Does anyone know such issue about the Intel nics with Proxmox 8.4.x
All other network connections on the host (we have several of them) are working, but if we change the vmbr0 to another NIC the reboot doesn´t fix the issue anymore and losing connection stays on
 
That kernel message is an e1000e "Hardware Unit Hang" - the transmit descriptor ring gets stuck (TDH/TDT mismatch means the hardware head pointer is behind the tail, so it stopped consuming packets). The driver detects this and tries to recover but sometimes cannot without a full reset, hence the reboot fixes it.

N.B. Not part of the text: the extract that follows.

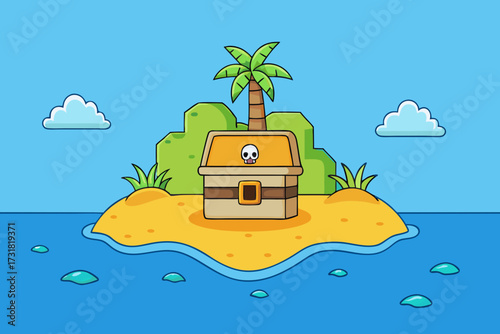 A simple cartoon background of a pirate island with a treasure chest vector illustration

This is a known issue with the Intel I219-V/LM series and has resurfaced with newer kernel versions. Two things worth trying:

First, disable Energy Efficient Ethernet (EEE) on that NIC - the I219 is notorious for going into a low-power state and not coming back cleanly:

ethtool --set-eee enp0s31f6 eee off

To make this persistent, add it as a post-up rule in /etc/network/interfaces under vmbr0:

post-up ethtool --set-eee enp0s31f6 eee off

Second, if EEE is already off or that does not help, create /etc/modprobe.d/e1000e.conf with:

options e1000e SmartPowerDownEnable=0

Then run: update-initramfs -u -k all

To rule out interrupt coalescing as the cause, also try: ethtool -C enp0s31f6 rx-usecs 0 tx-usecs 0

A few useful commands to share the full picture if the problem continues: pveversion -v, uname -r, ethtool -i enp0s31f6 (shows driver and firmware versions), and dmesg | grep -E "e1000e|enp0s31f6" from around the time it hangs.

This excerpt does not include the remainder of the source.